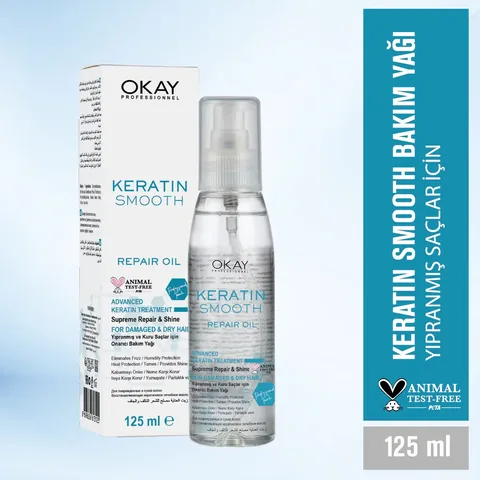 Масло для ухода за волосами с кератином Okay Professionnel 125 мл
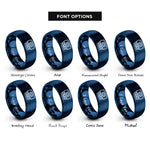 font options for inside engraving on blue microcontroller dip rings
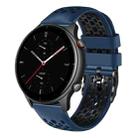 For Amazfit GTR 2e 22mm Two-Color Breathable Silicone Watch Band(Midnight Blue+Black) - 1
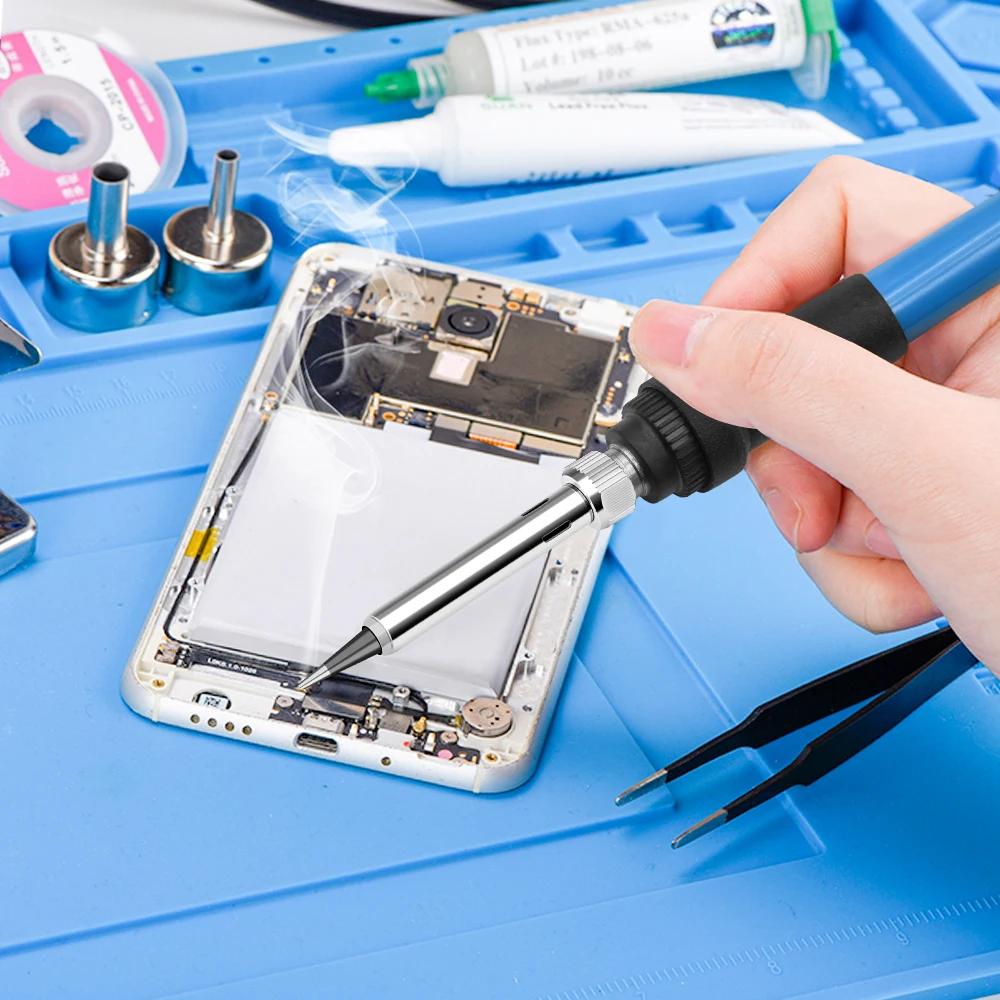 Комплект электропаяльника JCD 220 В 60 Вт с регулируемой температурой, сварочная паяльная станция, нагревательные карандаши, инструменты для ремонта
------------------------------------
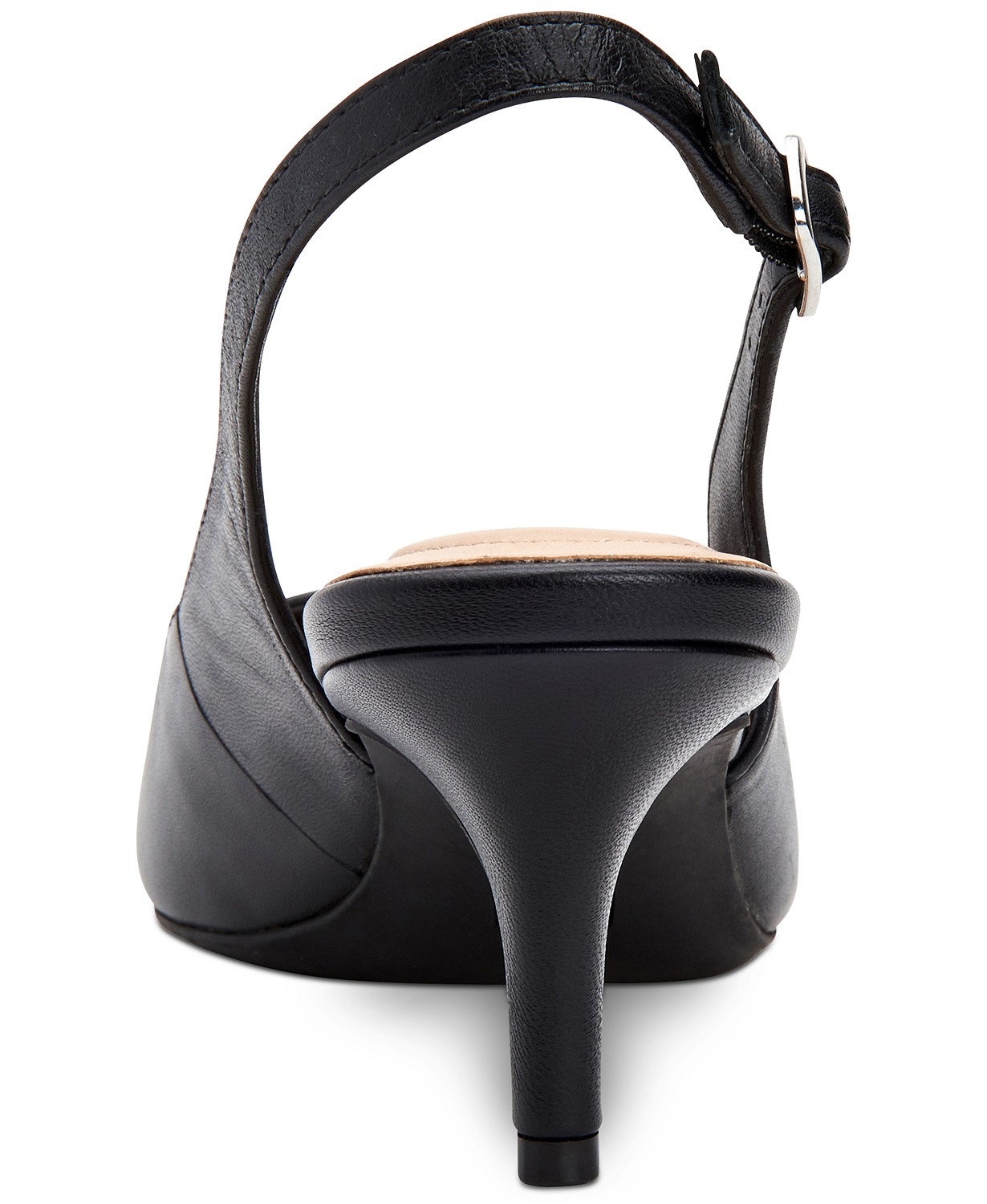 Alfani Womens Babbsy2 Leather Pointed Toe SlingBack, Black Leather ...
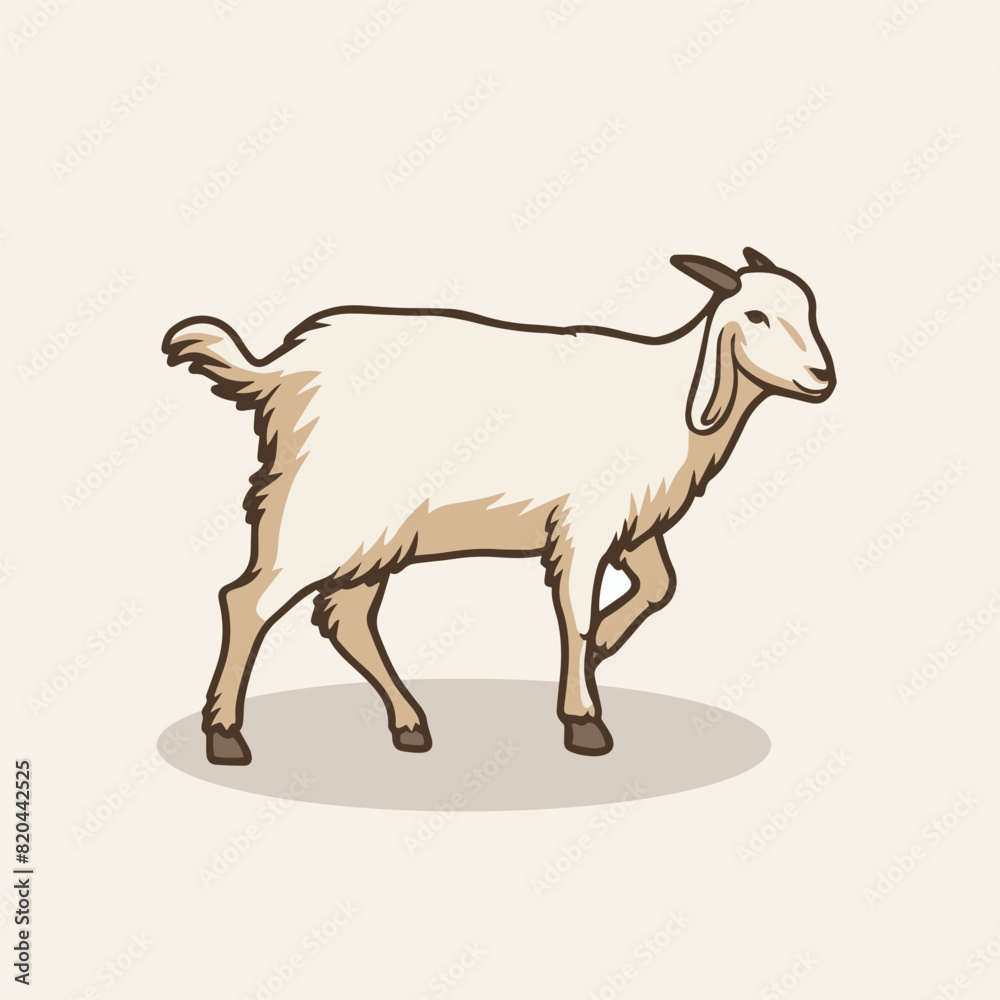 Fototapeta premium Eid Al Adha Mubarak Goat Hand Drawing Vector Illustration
------------------------------------
(Exercise directions): For the material above, give again only the lines starting at the line that contains "Масло для ухода" and ending at the line that contains "Комплект электропаяльника JCD". Pictures do not belong in the copy.

(Solution to this problem):
 Масло для ухода за волосами с кератином Okay Professionnel 125 мл
 font options for inside engraving on blue microcontroller dip rings
 For Amazfit GTR 2e 22mm Two-Color Breathable Silicone Watch Band(Midnight Blue+Black) - 1
 Комплект электропаяльника JCD 220 В 60 Вт с регулируемой температурой, сварочная паяльная станция, нагревательные карандаши, инструменты для ремонта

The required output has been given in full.